TRY IT
A single number is required: how many lines in the data below contain "Apartment".

Short web captions
=-=-=-=-=
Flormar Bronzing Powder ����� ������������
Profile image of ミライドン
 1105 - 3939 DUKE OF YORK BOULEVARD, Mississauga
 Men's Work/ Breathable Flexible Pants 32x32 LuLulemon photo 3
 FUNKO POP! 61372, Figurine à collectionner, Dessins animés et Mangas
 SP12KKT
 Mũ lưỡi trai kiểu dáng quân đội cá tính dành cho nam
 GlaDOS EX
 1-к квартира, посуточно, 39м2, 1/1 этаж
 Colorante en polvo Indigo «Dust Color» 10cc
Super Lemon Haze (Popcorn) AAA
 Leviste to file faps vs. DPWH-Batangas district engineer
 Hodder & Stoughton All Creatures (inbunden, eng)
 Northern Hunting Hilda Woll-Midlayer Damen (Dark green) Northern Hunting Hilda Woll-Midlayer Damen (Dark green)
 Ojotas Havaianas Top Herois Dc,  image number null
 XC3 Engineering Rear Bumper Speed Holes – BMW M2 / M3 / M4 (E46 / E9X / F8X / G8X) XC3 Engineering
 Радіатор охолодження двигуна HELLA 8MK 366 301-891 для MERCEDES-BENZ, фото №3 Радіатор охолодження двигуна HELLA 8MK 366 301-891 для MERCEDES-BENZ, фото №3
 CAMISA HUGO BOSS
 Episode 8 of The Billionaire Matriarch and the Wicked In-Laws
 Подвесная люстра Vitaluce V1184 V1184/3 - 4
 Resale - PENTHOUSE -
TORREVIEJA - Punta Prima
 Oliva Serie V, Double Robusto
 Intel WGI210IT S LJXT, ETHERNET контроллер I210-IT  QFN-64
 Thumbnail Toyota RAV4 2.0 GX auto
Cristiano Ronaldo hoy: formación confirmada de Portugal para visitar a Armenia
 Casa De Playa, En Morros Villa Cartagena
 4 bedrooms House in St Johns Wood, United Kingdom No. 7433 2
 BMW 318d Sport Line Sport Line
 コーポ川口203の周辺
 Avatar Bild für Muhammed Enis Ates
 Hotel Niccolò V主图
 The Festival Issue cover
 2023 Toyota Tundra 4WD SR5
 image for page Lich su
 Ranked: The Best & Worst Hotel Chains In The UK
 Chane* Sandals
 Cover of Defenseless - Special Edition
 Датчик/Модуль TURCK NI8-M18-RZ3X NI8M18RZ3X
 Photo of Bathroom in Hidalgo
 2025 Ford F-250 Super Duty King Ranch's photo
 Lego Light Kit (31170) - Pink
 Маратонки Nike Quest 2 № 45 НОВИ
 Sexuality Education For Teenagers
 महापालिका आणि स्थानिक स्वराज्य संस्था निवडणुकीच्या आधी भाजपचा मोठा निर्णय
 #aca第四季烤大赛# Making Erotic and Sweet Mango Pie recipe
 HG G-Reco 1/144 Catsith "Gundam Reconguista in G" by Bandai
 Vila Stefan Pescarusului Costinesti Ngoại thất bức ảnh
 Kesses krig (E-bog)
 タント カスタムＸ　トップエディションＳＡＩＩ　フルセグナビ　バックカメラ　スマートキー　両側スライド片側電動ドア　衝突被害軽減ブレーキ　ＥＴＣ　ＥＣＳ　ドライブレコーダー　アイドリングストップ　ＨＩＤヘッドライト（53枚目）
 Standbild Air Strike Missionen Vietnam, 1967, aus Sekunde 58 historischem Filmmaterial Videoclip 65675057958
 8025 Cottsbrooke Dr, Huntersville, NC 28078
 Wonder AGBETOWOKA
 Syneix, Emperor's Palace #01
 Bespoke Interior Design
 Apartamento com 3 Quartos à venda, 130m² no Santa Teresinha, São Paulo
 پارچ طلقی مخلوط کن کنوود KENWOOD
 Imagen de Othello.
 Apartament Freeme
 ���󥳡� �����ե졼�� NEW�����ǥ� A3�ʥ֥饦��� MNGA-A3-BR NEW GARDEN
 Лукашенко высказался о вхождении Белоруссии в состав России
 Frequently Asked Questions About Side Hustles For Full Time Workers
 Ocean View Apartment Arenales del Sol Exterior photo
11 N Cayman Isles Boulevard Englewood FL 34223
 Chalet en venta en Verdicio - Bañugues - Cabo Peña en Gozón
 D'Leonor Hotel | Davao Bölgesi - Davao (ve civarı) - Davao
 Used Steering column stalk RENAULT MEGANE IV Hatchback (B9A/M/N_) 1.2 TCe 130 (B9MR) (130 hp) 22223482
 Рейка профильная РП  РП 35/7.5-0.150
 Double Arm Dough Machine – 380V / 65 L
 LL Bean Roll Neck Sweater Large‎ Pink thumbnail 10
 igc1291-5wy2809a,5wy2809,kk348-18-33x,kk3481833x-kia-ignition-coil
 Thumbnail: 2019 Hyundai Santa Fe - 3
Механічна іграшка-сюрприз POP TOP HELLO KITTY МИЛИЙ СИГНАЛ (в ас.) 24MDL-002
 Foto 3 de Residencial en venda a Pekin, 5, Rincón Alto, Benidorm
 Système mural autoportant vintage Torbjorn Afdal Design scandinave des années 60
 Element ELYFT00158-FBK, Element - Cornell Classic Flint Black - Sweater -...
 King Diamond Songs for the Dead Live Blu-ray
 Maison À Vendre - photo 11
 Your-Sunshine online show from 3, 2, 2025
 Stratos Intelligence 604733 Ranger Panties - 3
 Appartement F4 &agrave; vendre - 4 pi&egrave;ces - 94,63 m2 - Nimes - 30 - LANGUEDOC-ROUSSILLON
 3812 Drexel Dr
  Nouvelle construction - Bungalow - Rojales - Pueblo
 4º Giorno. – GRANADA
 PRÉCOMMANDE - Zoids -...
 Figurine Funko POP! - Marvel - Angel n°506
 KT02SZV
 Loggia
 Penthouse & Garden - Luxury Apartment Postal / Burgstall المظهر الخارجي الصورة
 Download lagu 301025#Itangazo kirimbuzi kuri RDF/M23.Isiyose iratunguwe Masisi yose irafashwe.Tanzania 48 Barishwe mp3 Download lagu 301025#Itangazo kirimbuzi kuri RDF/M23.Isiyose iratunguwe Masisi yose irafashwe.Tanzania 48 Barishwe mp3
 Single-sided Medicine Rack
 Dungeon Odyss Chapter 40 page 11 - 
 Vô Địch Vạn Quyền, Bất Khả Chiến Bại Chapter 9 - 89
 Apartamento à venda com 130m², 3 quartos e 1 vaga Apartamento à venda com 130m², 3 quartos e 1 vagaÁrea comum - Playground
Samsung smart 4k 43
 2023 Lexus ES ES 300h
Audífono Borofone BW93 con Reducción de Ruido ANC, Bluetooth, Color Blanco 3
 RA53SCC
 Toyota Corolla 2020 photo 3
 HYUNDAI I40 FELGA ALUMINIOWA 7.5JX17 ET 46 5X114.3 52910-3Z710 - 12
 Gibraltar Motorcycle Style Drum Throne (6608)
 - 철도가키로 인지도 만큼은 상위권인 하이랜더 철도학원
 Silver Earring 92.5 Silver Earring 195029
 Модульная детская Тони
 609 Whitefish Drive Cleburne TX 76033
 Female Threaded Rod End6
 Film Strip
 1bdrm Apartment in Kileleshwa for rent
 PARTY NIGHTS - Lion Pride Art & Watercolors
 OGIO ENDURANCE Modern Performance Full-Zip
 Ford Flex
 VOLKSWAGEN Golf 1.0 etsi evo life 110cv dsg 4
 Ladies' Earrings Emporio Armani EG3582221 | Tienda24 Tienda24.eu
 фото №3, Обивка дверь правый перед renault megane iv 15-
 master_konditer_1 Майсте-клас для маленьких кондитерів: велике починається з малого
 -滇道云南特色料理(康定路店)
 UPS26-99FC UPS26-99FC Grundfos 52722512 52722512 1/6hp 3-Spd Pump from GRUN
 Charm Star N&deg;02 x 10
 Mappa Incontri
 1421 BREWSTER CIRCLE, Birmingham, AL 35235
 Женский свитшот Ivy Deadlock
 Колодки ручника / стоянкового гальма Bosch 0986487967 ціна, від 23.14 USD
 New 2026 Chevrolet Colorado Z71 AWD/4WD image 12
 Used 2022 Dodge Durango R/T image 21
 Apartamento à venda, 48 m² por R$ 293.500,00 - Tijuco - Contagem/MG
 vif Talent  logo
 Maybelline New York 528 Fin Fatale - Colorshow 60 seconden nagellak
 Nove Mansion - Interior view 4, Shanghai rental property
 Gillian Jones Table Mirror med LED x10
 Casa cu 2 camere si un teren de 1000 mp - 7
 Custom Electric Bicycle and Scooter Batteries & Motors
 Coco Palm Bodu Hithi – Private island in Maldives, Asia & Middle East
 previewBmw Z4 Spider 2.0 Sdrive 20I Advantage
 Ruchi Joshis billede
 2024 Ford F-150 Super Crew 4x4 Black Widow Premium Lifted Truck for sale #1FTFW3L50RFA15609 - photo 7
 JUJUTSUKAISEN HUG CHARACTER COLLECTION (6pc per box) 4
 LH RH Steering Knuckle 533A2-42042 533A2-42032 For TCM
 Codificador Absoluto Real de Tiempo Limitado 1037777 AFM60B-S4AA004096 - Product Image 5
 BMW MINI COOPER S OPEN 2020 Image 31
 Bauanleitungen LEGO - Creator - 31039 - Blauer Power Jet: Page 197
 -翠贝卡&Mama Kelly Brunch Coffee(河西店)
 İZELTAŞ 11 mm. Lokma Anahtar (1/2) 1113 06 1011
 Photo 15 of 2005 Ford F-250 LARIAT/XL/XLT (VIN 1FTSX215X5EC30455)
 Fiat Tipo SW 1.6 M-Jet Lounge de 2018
=-=-=-=-=
ANSWER TO THE EXERCISE
3